Prashant Bhushan became irrelevant in the process. Each one of us became relevant. The lawyers of the country took up rather their own cause. This collective move of the Indian Bar, was to put up their protest against any such remote controlling on them even in their public lives, was to save their own freedom of speech, was to ensure their individual right of freedom to think and express, without any fear or threat.
The tweets Prashant Bhushan posted, for many, were completely unnecessary, or rather immaterial and useless. They were something to be completely ignored to and something worthy of no notice whatsoever. But the highest court of the country decided to immortalize those tweets, firstly by initiating contempt proceedings and then by making them part of the judicial pronouncement. This was probably inevitable, as those tweets were the foundation of contempt proceedings. I wish Judges had thought of all that in advance.
The immediate reaction of “NOT LIKE THIS”, from when the Hon’ble Court took suo-moto action, changed to “enough is enough” in no time once the conviction order came.
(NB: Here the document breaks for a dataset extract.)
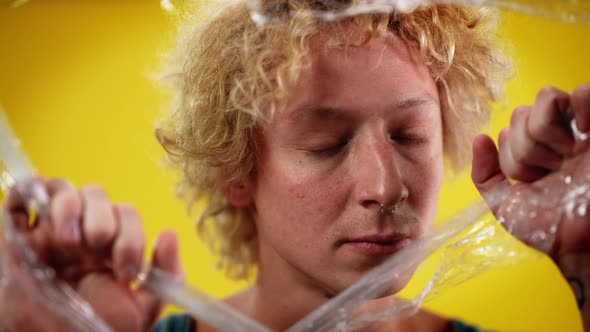 Closeup Male Queer Person Biting Food Film Looking at Camera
The bar which is otherwise so divided for several reasons, got united so selflessly even during this COVID- 19 situation and fearlessly made their views clear to all including the Hon’ble Judges.
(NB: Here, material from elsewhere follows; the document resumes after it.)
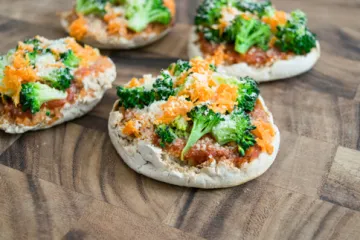 english muffin pizzas topped with broccoli & carrots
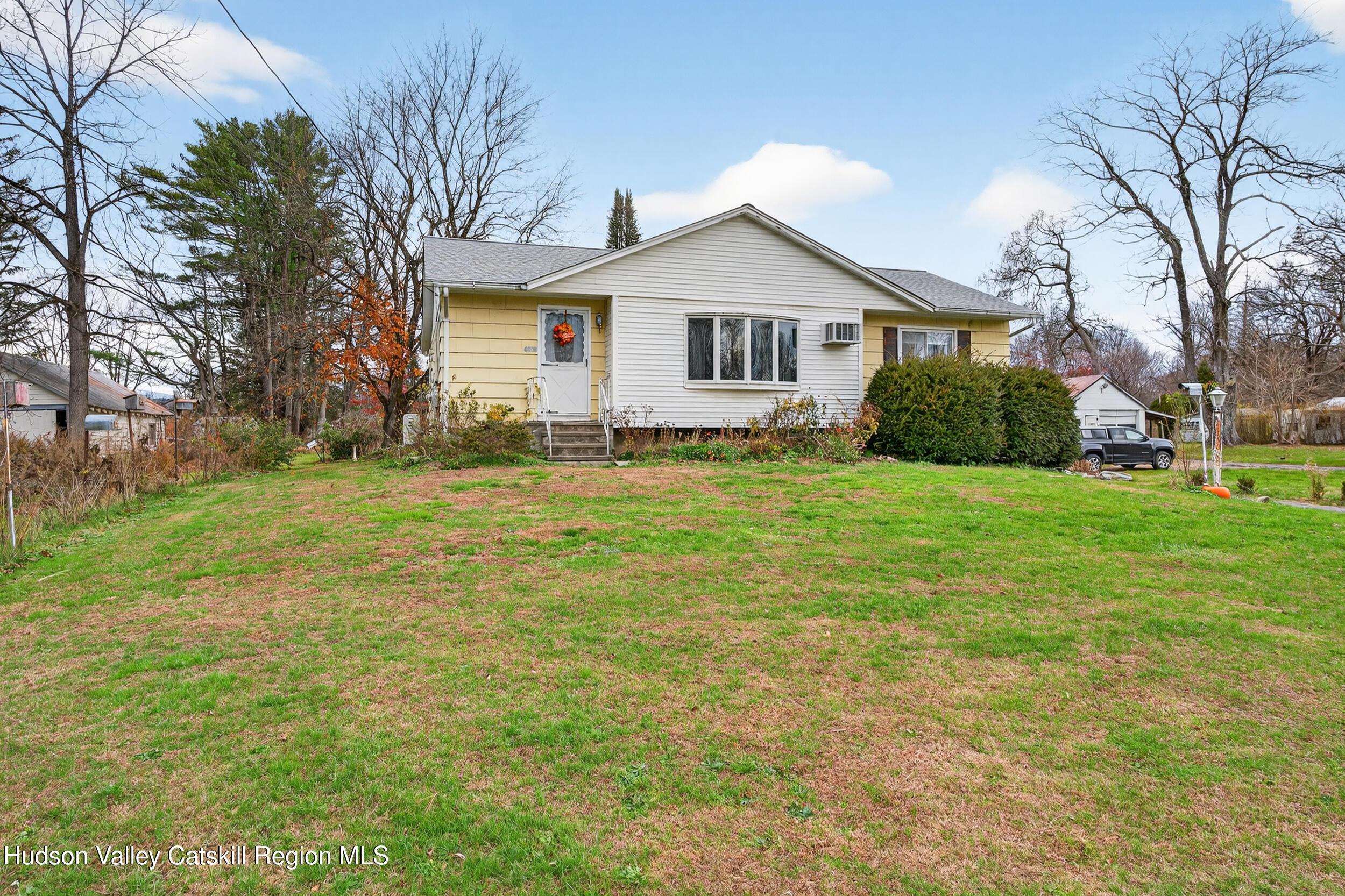 4030 Us Highway Stone Ridge, NY 12484 - Photo 1 of 22 a front view of a house with yard and green space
The bar across the country came out together with full force and expressed its views without mincing words. Since meeting of mind was physically not possible, lawyers across the country reached out to each other, in a much faster way, through e-platforms. Lawyers across the board started getting messages through Whatsapp, and other apps, from all over. Friends, who might not have exchanged pleasantries in past few months in their personal fight with COVID-19 pandemic, suddenly started appearing in your Whatsapp chats. Interestingly, when people from different walks of life were garnering support for Prashant Bhushan through several social platforms like Twitter and Facebook, the lawyers’ fraternity was fighting its own battle.
The bar across the country came out together with full force and expressed its views without mincing words.
The immediate reaction of “NOT LIKE THIS”, from when the Hon’ble Court took suo-moto action, changed to “enough is enough” in no time once the conviction order came. Lawyers started writing to each other. None of us took the issue lightly or lazily.
The need to act to react was spreading at lightning speed. Meticulously written letters addressed to Hon’ble Chief Justice of India, started being circulated online . Request were made to individual friends to sign it immediately and forward it to as many as one can.In no time, thousands of signatures were made. Protests happened in several District Courts and High Courts. This tremendous show of solidarity by the united force of the Indian bar was very encouraging and reassuring. The message was rather loud and clear that there is always a limit to bend and that the bar and the bench need to co-exist by maintaining mutual respect.
We, lawyers and the society cannot thank Justice Arun Mishra enough and other Hon’ble Judges a part of the bench, for bringing the bar together, brave and vocal. This would be possibly one of the biggest contributions of Justice Mishra to the Indian Judicial System. Obliged My Lords.
(Shobha Gupta is a lawyer at the Supreme Court of India. Views are personal.)